Enhancing Loudness and Avoiding Compressor Carnage

Werner Van Belle¹ - werner@yellowcouch.org, werner.van.belle@gmail.com

1- Yellowcouch;

Abstract : Explains a- the cause of compressor carnage, which is the endless stream of ticks produced by many commercial compressors. b- how a hold circuit combined with a Bessel filter can mediate this problem. c- how to efficiently implement the required attack and hold lines using the Titchmarsh convolution theorem. d- how a loudness enhancer with very short attack/decay times can be created using the above methods.

Keywords: audio compression, loudness enhancement, compressor carnage, compressor ticks
Reference: Werner Van Belle; Enhancing Loudness and Avoiding Compressor Carnage; Audio Processing; YellowCouch; March 2012

Table Of Contents

Introduction
The Problems
    Attack/Decay bouncing off flanks
        A Linear, Time dependent Slope
        A Linear Fixed Delta dB Slope = An Exponentially Decaying Energy Slope
    Envelope Discontinuities
    Wave Shape Alterations

Solving these Problems
    Hold and Smooth
    Efficient Attacks
    Efficient Holds
    Even more efficient holds
Conclusion
Acknowledgments
Bibliography

Introduction

A Typical compression curve explaining the mapping from input volume to output volume.

When one deals with compression, one often sees typical compression curves that explain to the layman how the input signal is mapped onto the output signal. For instance, in the above picture, When the input volume is louder than the threshold, the compressor no longer lets through the full energy. The 'ratio' of the compressor specifies how steep the angle beyond the threshold is. A 1/20 ratio means that 20 volume-units are brought back to a single volume-output. In this example the ratio is about two to one.

Normally the unit on these axes is expressed in decibels. Allthough an interpretation as RMS values might be possible as well. In our experience, compressing the sound using RMS energy levels is often perceived as being 'smoother' as one in which the compression curve is interpreted as decibels. The difference is however not that relevant in this article. Consequentyly throughout the following text, we will often switch between the two interpretations.


dB -> RMS Envelope	RMS -> dB envelope

Left: envelope calculated in decibels and then converted to RMS. The envelope calculation required a set minimal dB (e.g: -96 dB). Right: compression envelope calculated on the RMS values and then converted to decibels.

When a linear fixed time decay is drawn on the RMS scale and then converted to decibels, we observe a highly nonlinear dB shape (see above picture).

The Problems

Attack/Decay bouncing off flanks

Compressors are often associated with an attack and decay. These make it possible to start compressing the sound before the louder volumes are truly present and to slowly come back from a strong compression.

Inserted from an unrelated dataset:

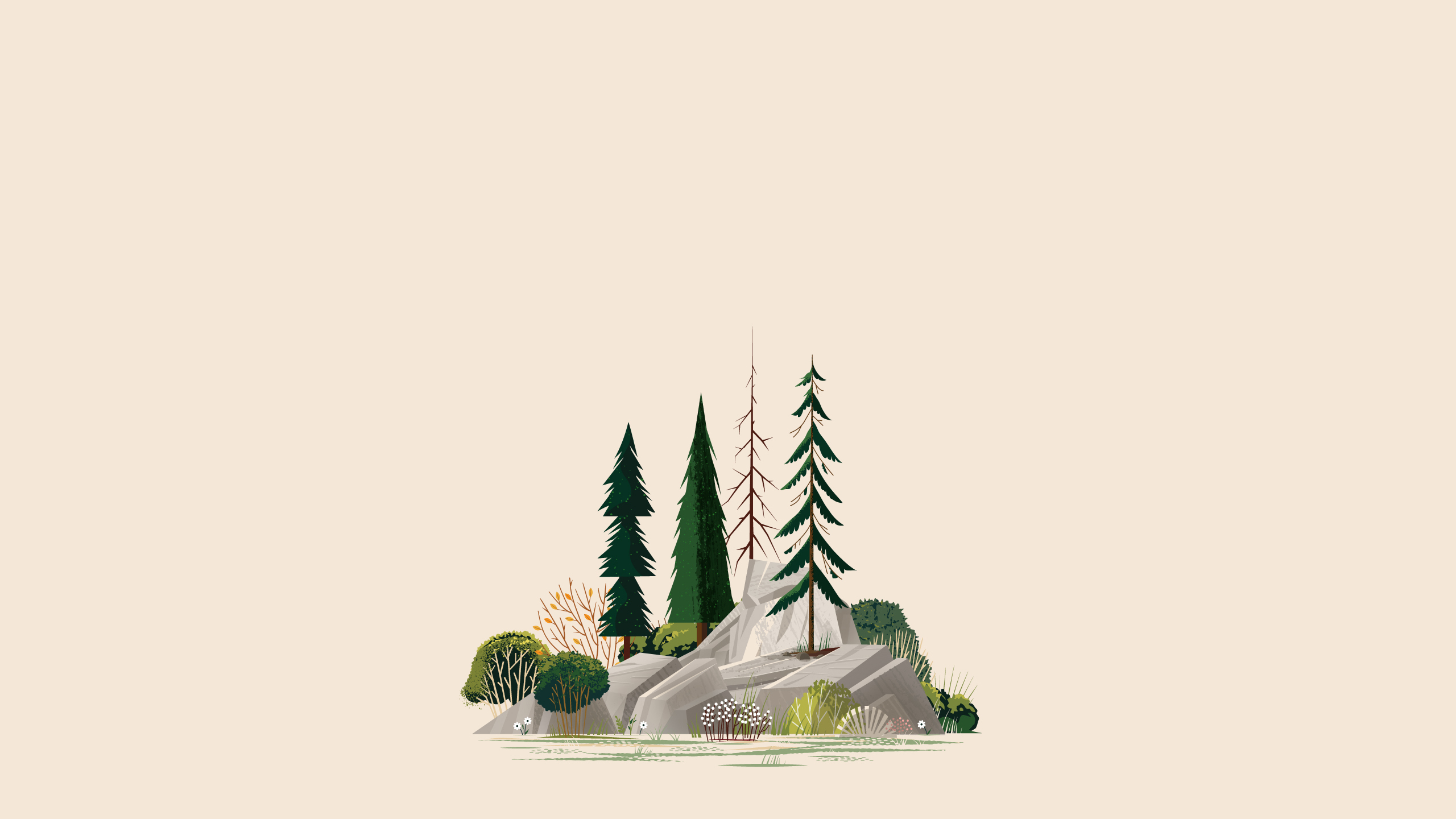 Illustration of trees and rocks in a forest HD Wallpaper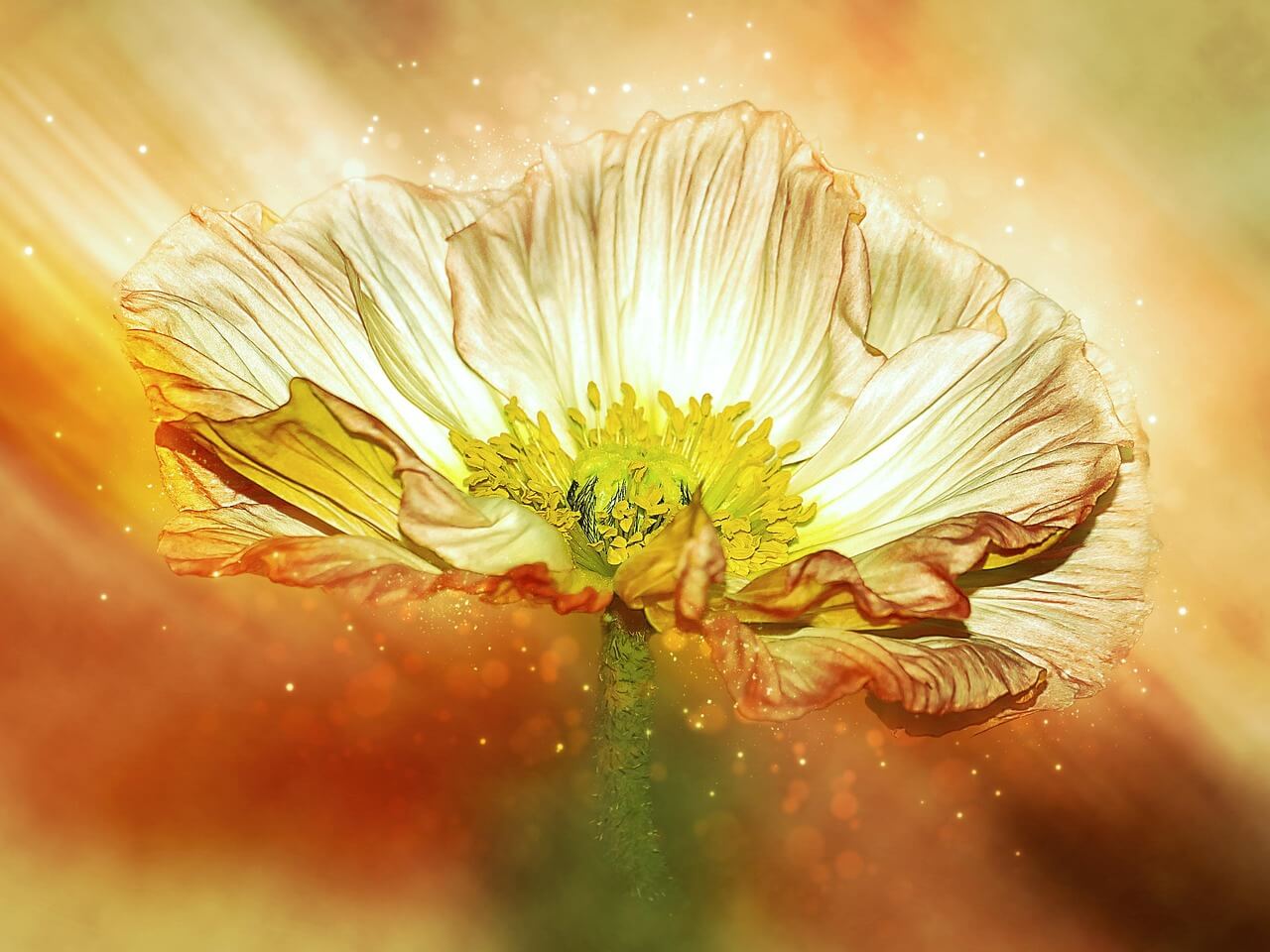 꽃에서 빛나는 총 천연색 빛깔을 표현한 그래픽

The actual RMS value is shown as grey impulse bars. The reinterpreted energy is shown in red.

The decay and attack phase both rely on a slope that is added before and after the maximum energy level. How the slope behaves depends on the compressor we design. This in turn depends on the unit we use on the envelope axis. Although, from the above discussion it might appear natural to use dB, it is also problematic because we cannot easily represent zero energy and at very low energies we obtain fairly large absolute dB values. So in a sense, it might be more valuable to work directly on the measured energy.

A Linear, Time dependent Slope

With a linear, time dependent slope we calculate an appropriate deltavalue that will allow us to reach the target value (0 energy) within T samples, starting from the maximum value that triggered the compression. This delta is then used to draw an envelope in front (an attack) or behind (a decay) the largest energy.

When during the decay phase the energy levels are somewhat too large, a new decay phase is set in, but with a different slope.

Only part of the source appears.